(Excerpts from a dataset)

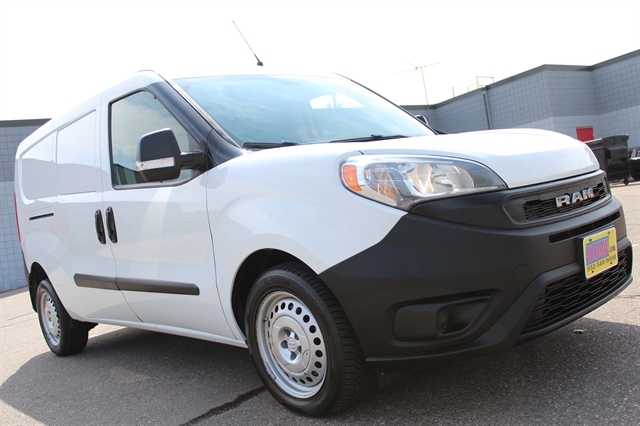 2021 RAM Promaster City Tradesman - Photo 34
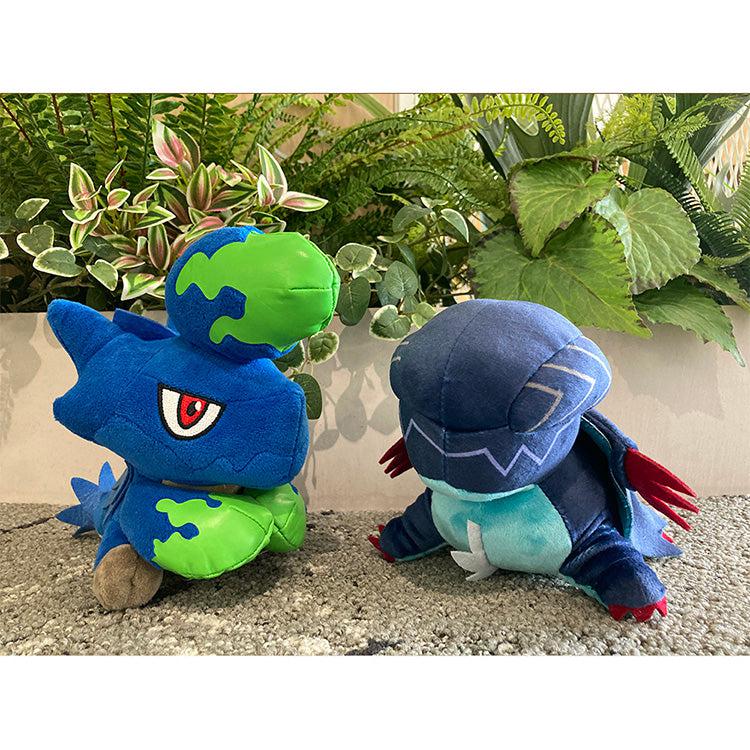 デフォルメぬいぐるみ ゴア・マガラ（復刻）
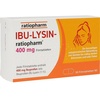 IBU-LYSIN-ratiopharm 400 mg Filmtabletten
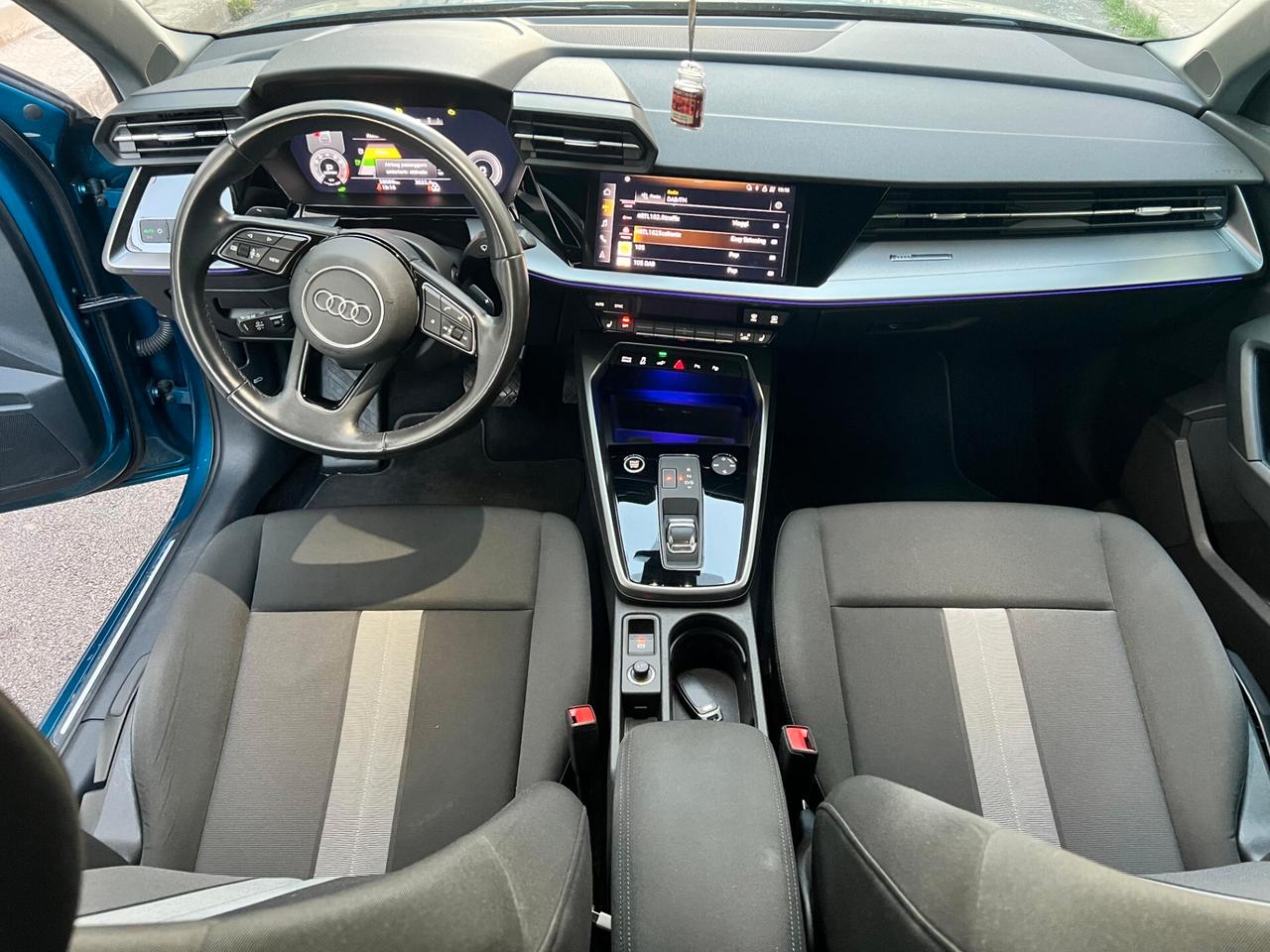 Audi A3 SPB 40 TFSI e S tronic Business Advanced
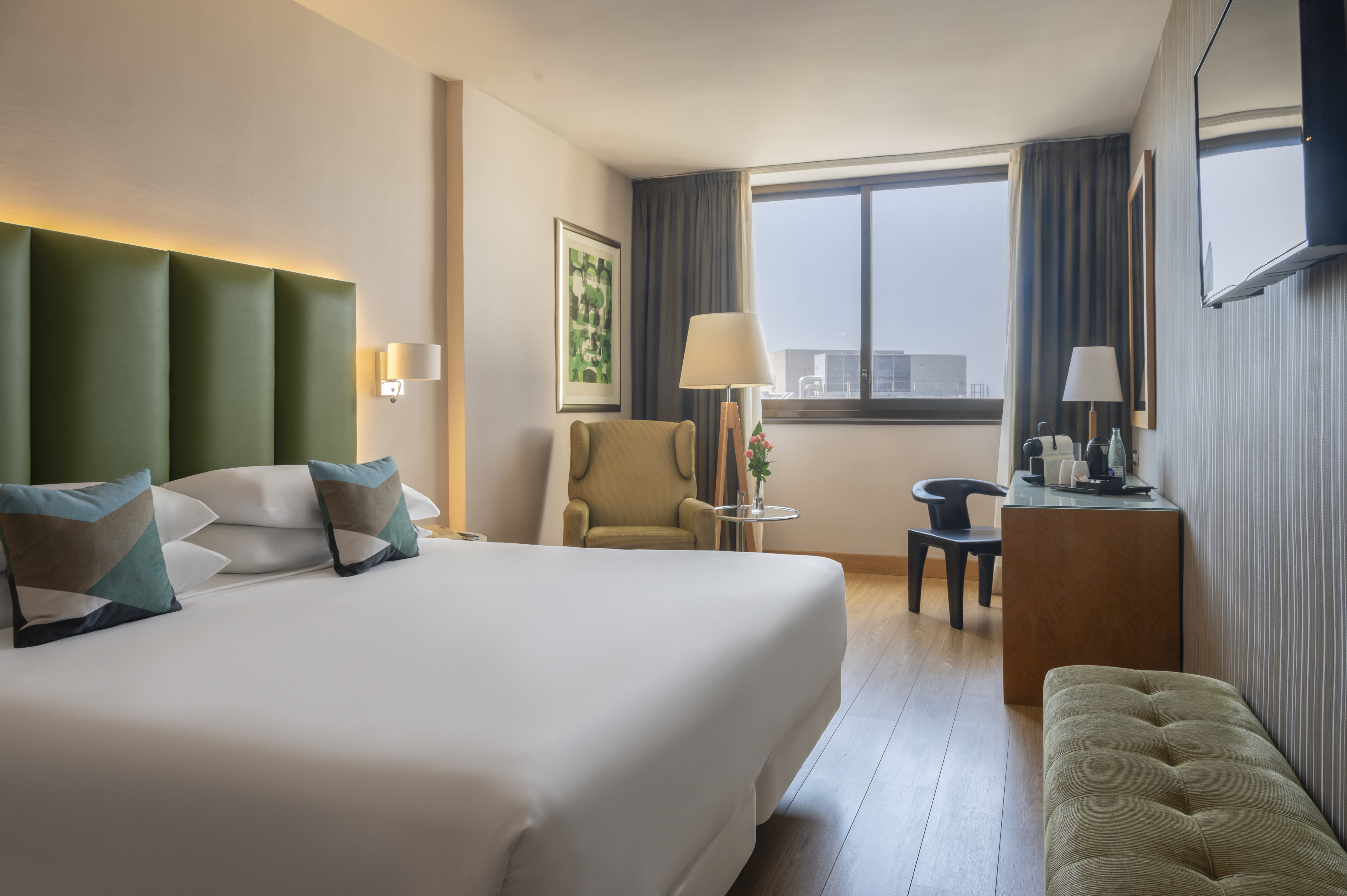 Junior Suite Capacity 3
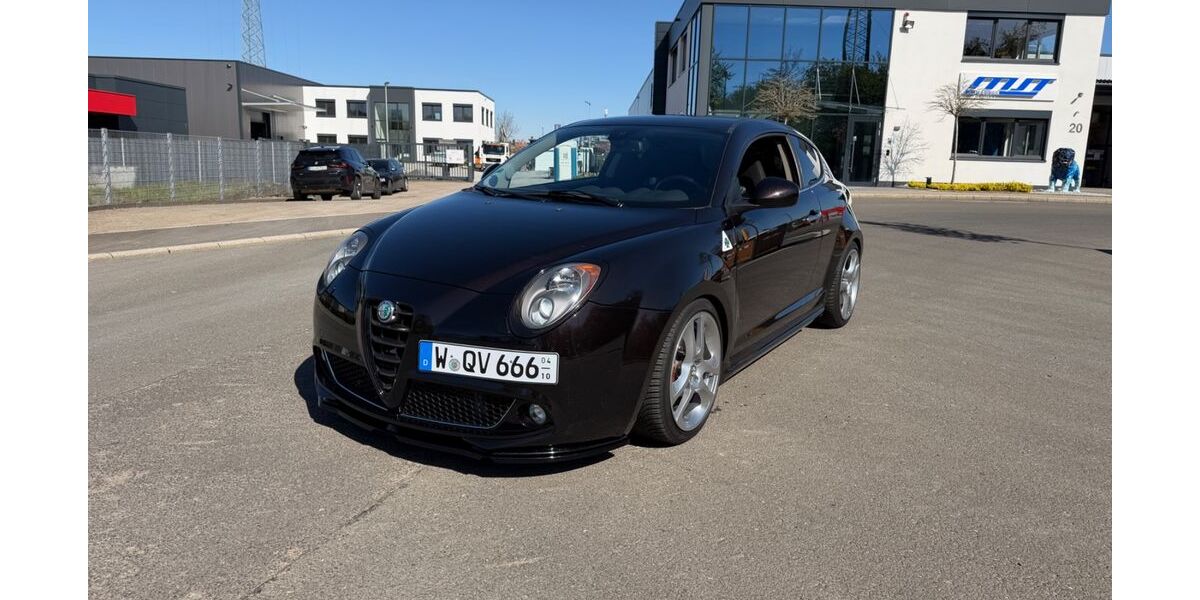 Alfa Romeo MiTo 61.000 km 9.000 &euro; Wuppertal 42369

## Exercise description
Both ends included, copy the lines from the one holding "Audi A3 SPB" to the last line of the entries exactly, with all pictures left out.

## Answer below
 Audi A3 SPB 40 TFSI e S tronic Business Advanced
 Junior Suite Capacity 3
 Alfa Romeo MiTo 61.000 km 9.000 &euro; Wuppertal 42369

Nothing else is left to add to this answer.